_Data_

* * * * * * *

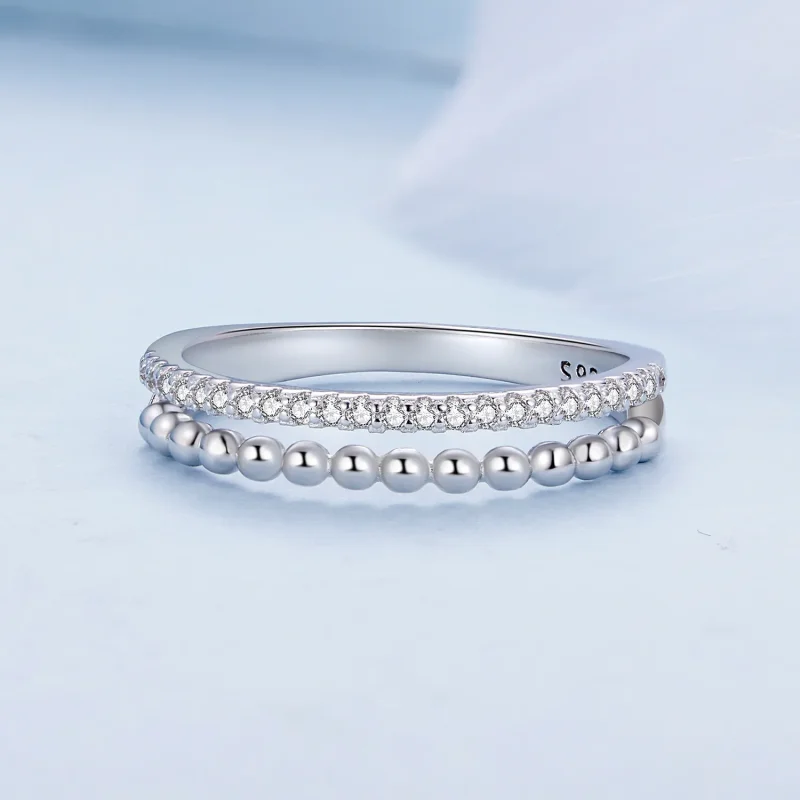 (image for) Pandora Style Double Layer Ring - BSR463 - View 3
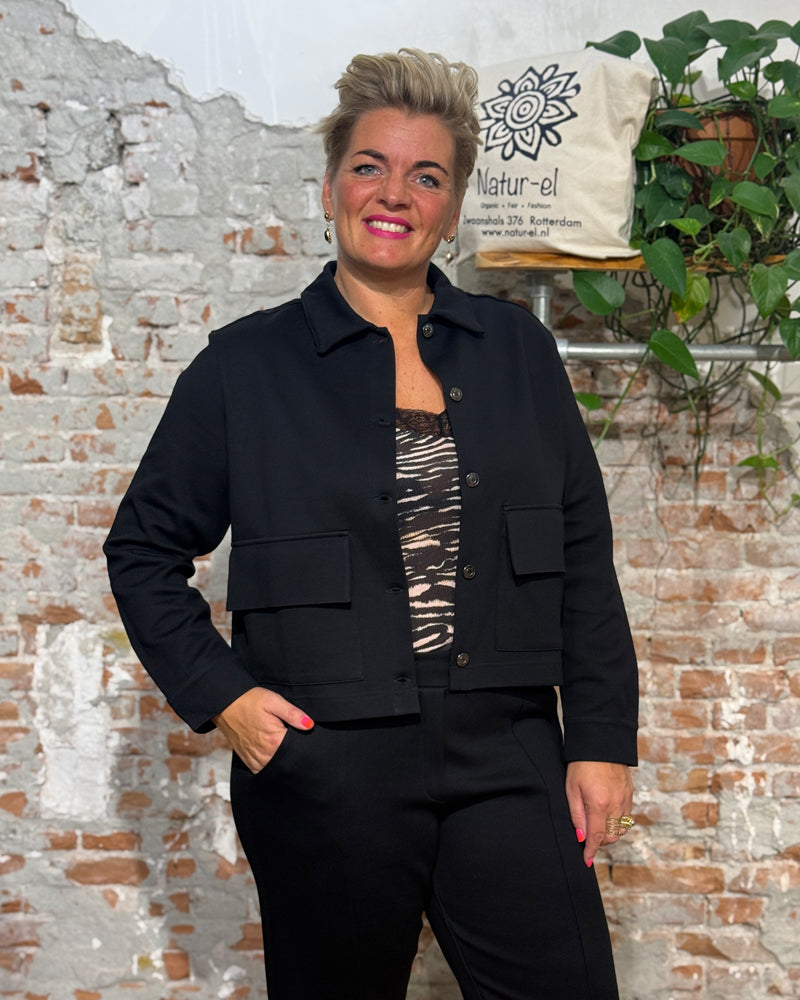 ALMA & LOVIS jasje blazer met zakken GEA RAVEN biokatoen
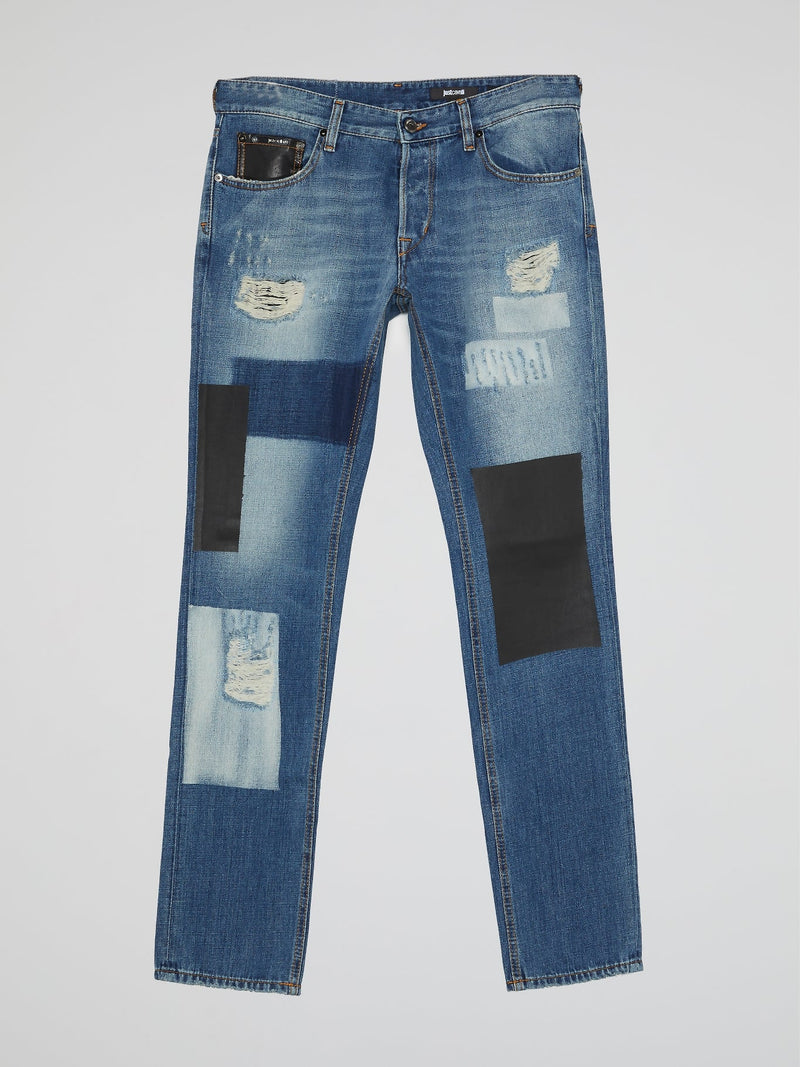 Distressed Patched Denim Jeans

* * * * * * *

Final stretch of the data: repeat exactly each line from the one containing "ALMA & LOVIS" through the last, and omit all pictures.

_Expected output_
 ALMA & LOVIS jasje blazer met zakken GEA RAVEN biokatoen
 Distressed Patched Denim Jeans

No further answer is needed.